* Problem to solve *
With the pictures left out, print exactly the lines below that run from the one containing "From The Anvil" through the one containing "draft electrical drawing".
Segment Start: Supplied data
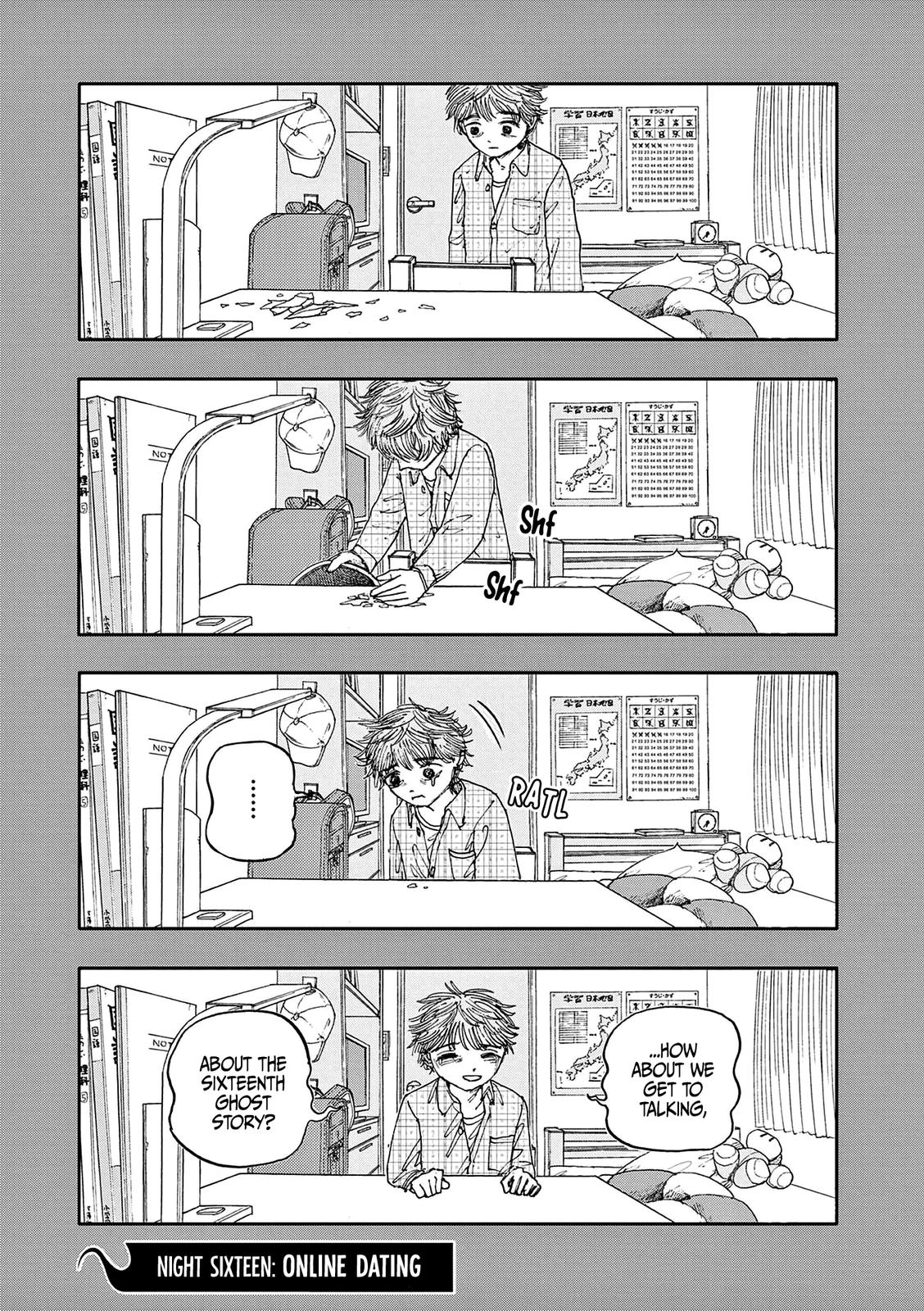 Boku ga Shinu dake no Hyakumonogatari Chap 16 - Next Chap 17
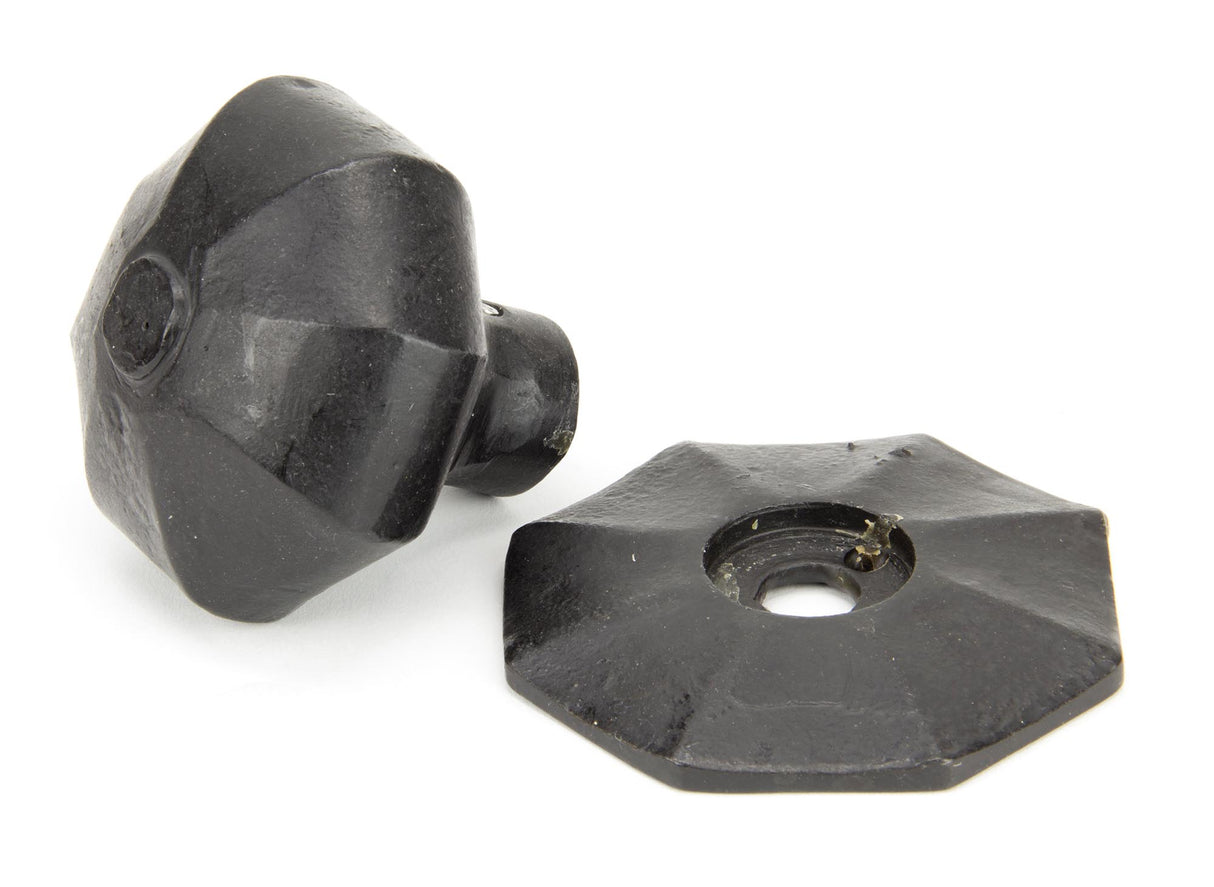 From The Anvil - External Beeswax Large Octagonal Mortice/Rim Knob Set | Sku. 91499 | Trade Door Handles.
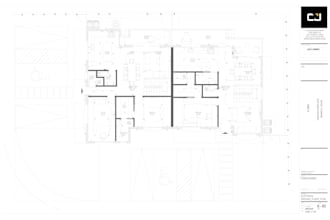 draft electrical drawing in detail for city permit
Segment End: Supplied data
Segment Start: Supplied data
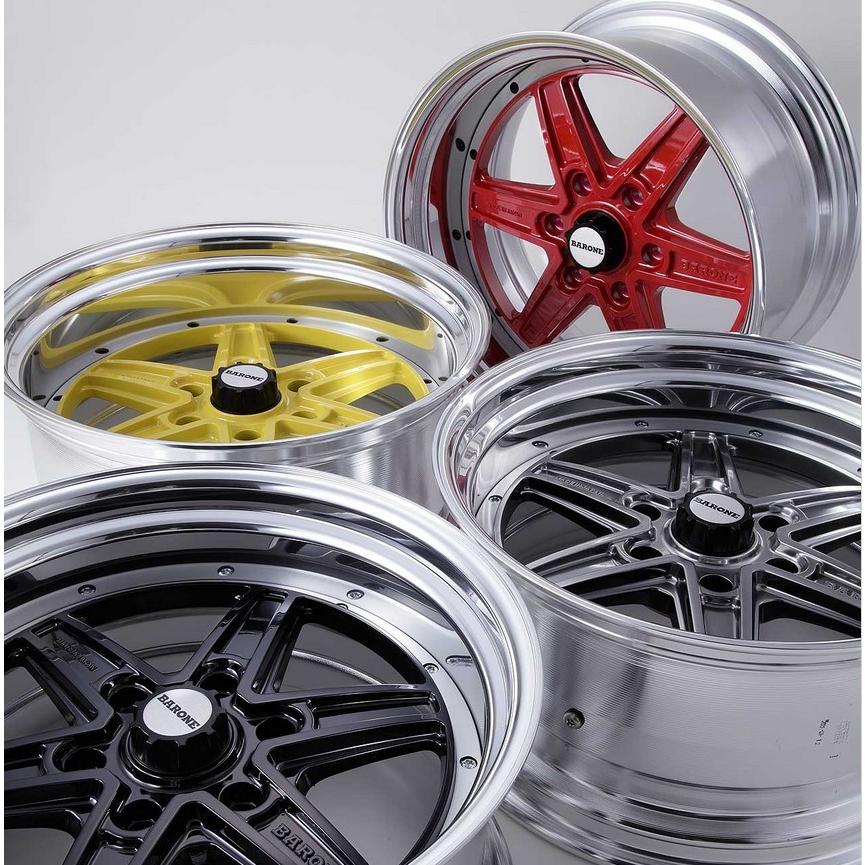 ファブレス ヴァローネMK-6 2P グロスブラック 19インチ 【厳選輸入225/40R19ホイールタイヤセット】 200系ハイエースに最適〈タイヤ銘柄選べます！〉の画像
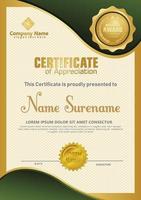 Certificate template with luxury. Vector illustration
Segment End: Supplied data
Segment Start: Supplied data
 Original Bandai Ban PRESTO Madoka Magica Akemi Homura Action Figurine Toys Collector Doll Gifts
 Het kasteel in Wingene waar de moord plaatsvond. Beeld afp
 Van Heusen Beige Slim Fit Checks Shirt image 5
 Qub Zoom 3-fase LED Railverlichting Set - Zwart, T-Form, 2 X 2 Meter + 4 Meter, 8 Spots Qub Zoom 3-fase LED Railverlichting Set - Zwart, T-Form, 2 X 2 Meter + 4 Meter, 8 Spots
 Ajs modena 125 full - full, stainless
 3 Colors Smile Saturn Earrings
Segment End: Supplied data
* Written solution *
 From The Anvil - External Beeswax Large Octagonal Mortice/Rim Knob Set | Sku. 91499 | Trade Door Handles.
 draft electrical drawing in detail for city permit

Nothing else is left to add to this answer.